*Task prompt*
Exact copy, no pictures: reproduce the lines from the one that holds "Kendra Scott Sold" through the end of the entries.
Start of Block
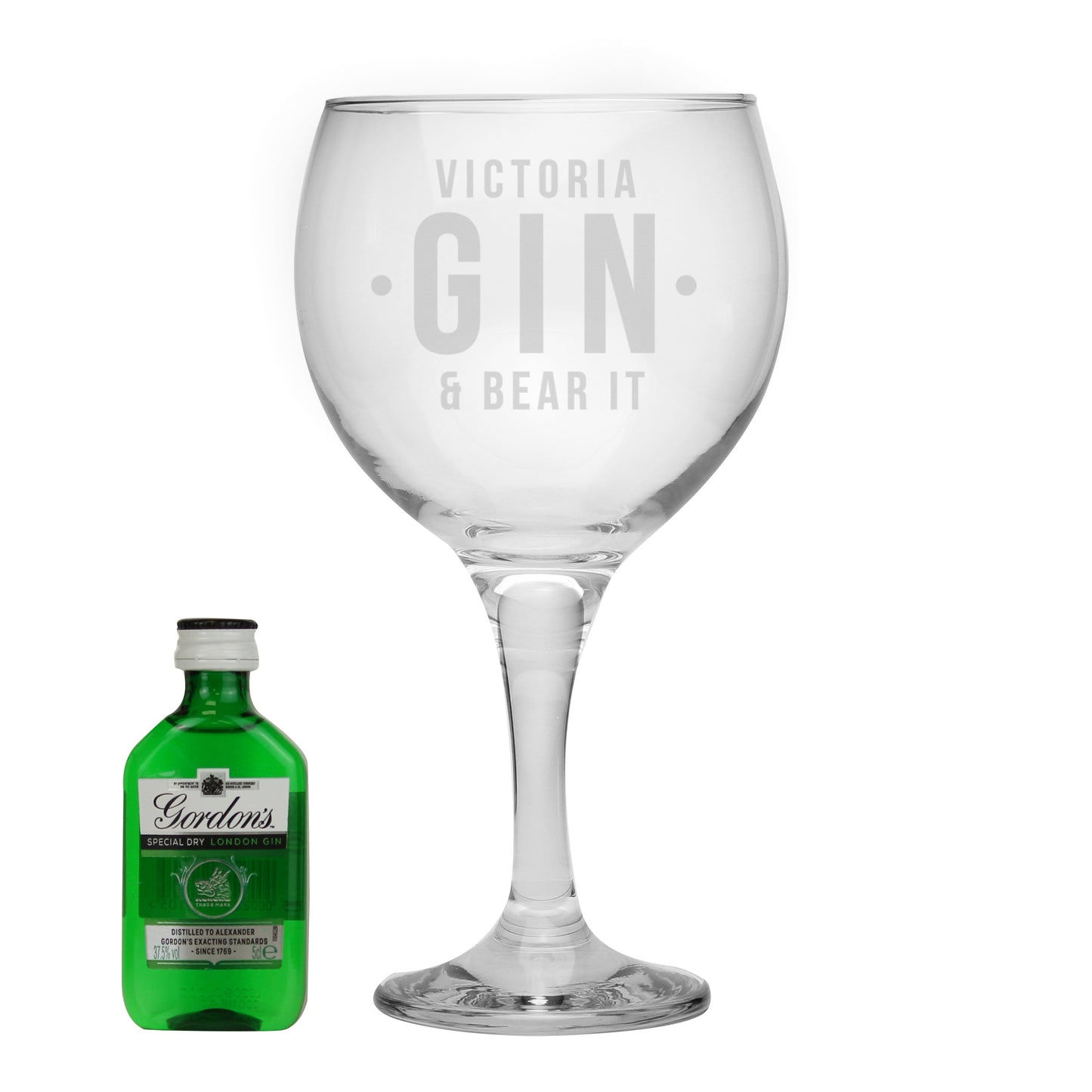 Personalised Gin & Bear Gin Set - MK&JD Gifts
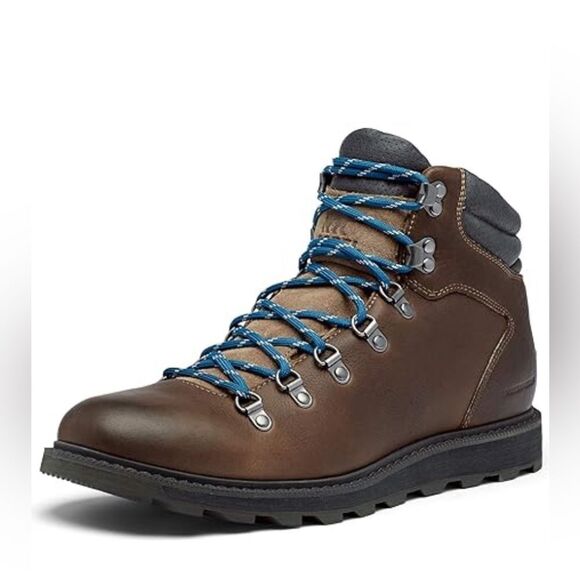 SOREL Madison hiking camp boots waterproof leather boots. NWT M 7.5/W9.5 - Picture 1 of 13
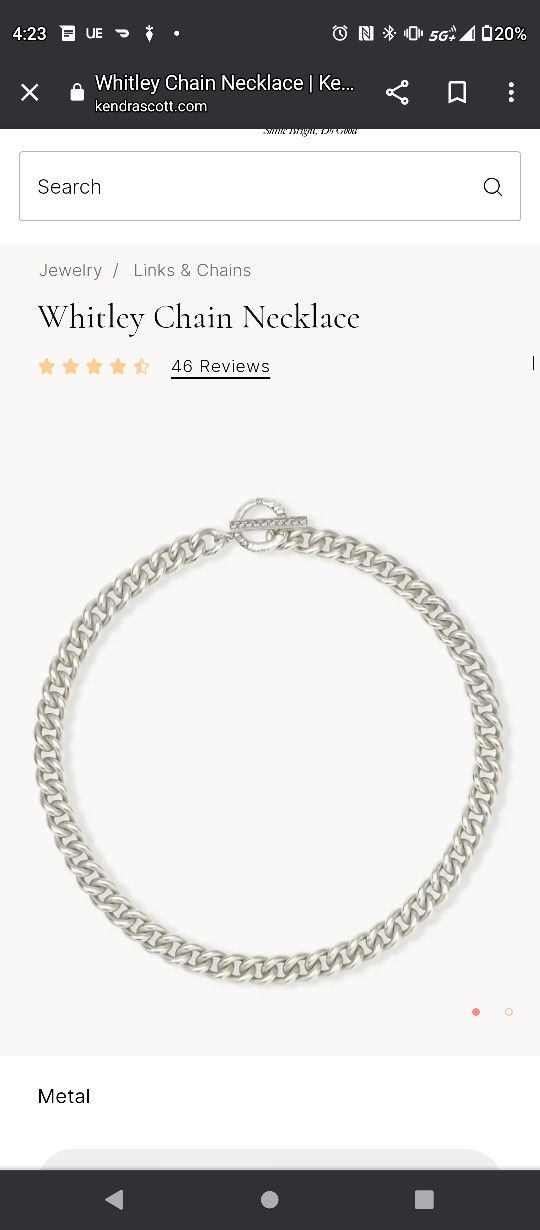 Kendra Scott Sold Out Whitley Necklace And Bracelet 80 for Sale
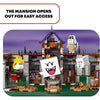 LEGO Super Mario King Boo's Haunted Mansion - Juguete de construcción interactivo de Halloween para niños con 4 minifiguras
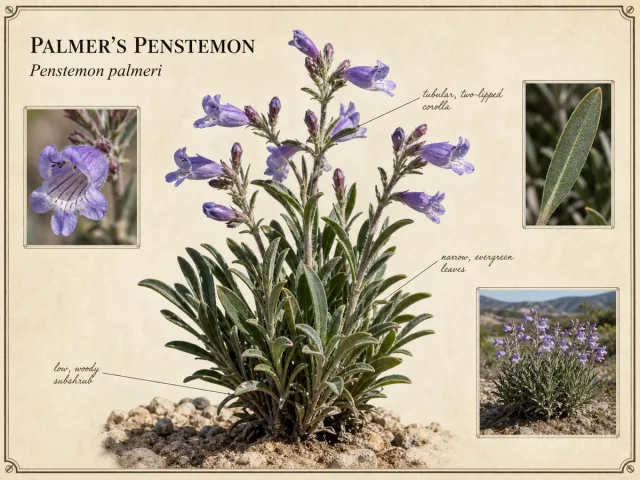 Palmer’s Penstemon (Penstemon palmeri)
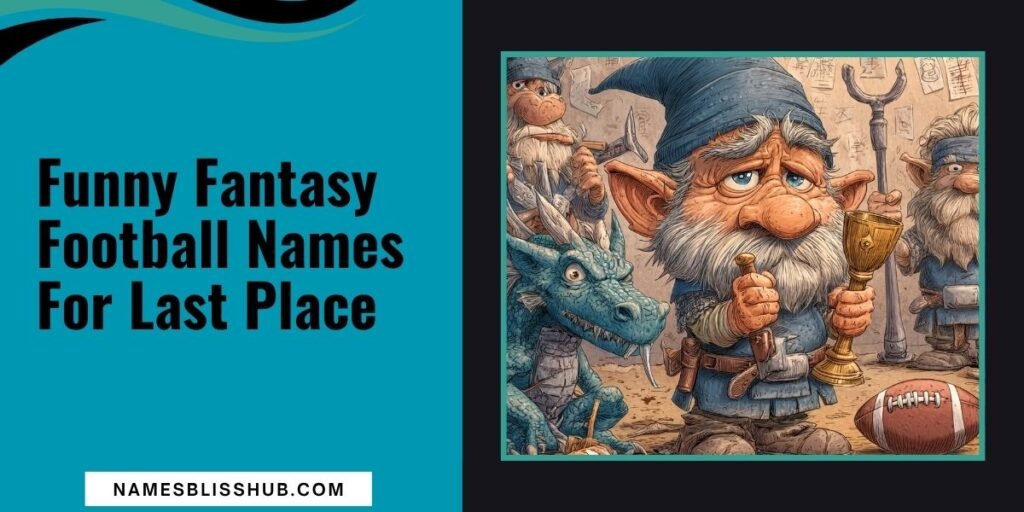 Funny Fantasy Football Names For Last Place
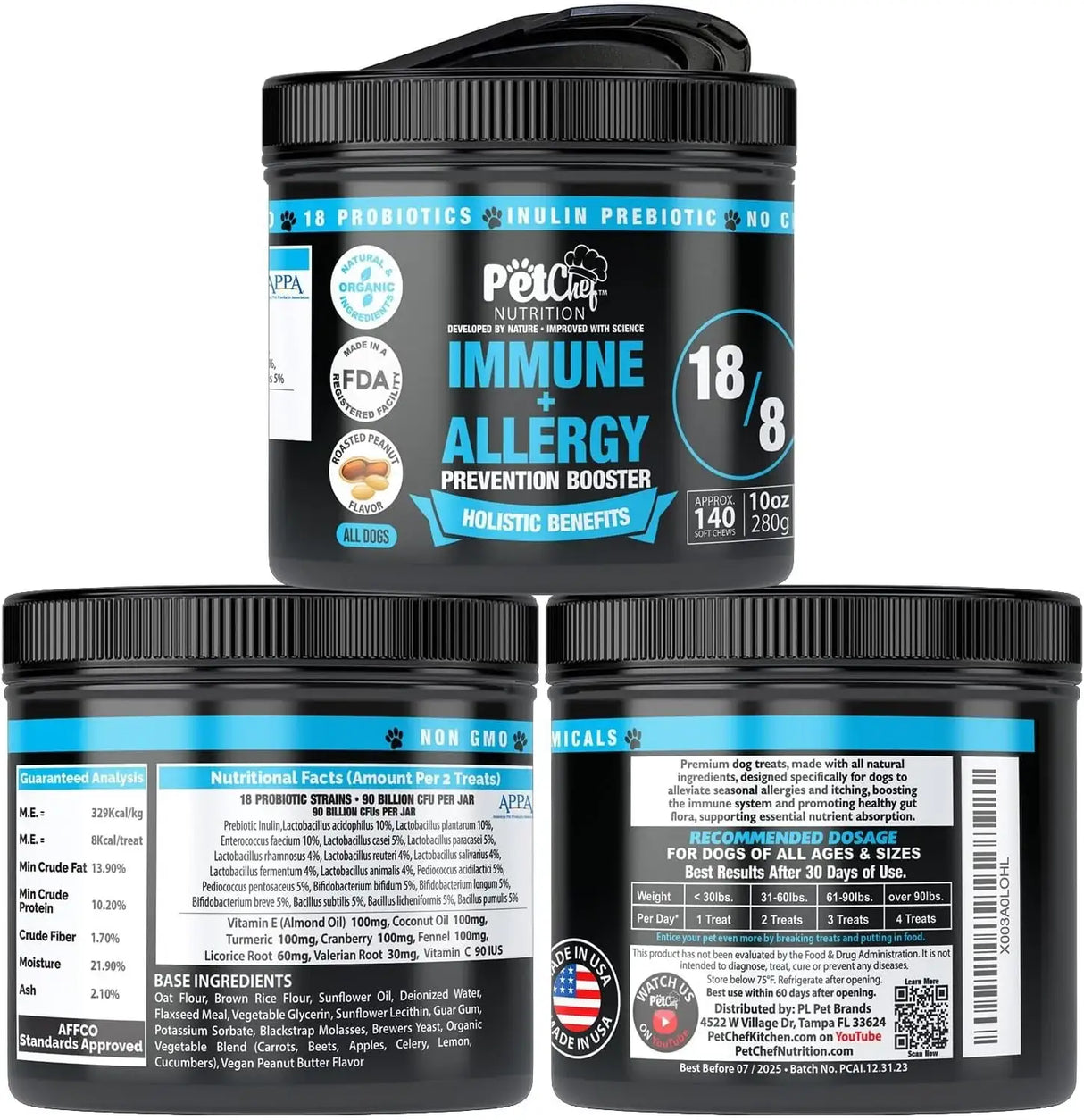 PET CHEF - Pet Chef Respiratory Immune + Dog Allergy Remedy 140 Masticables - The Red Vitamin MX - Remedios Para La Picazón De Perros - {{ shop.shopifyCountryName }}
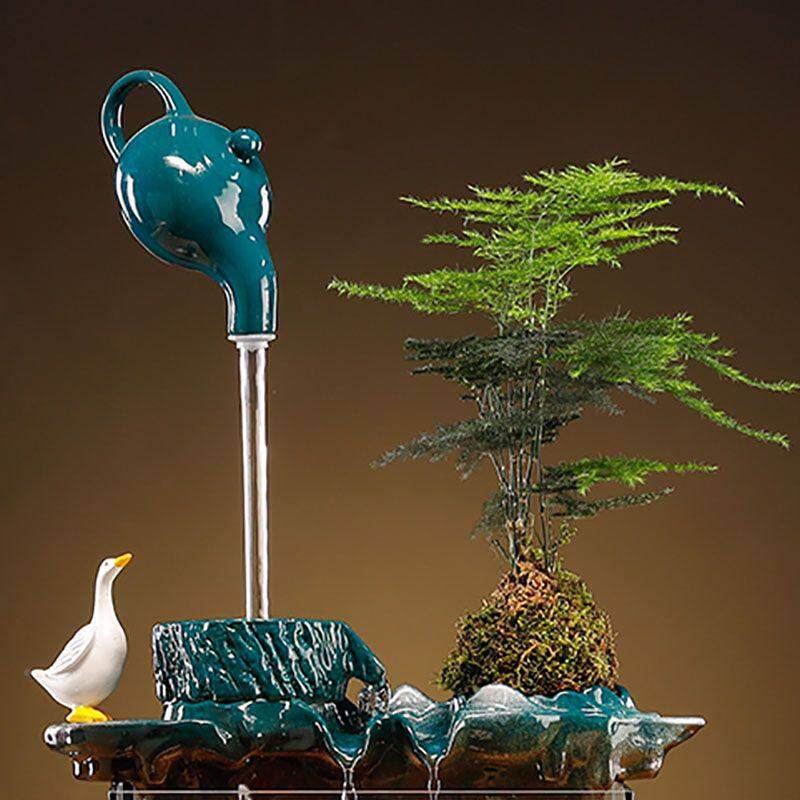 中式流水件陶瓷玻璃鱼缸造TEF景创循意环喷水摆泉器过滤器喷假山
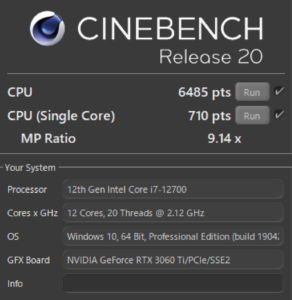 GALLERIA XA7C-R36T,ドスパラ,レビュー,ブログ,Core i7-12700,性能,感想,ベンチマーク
End of Block
*Exercise output*
 Kendra Scott Sold Out Whitley Necklace And Bracelet 80 for Sale
 LEGO Super Mario King Boo's Haunted Mansion - Juguete de construcción interactivo de Halloween para niños con 4 minifiguras
 Palmer’s Penstemon (Penstemon palmeri)
 Funny Fantasy Football Names For Last Place
 PET CHEF - Pet Chef Respiratory Immune + Dog Allergy Remedy 140 Masticables - The Red Vitamin MX - Remedios Para La Picazón De Perros - {{ shop.shopifyCountryName }}
 中式流水件陶瓷玻璃鱼缸造TEF景创循意环喷水摆泉器过滤器喷假山
 GALLERIA XA7C-R36T,ドスパラ,レビュー,ブログ,Core i7-12700,性能,感想,ベンチマーク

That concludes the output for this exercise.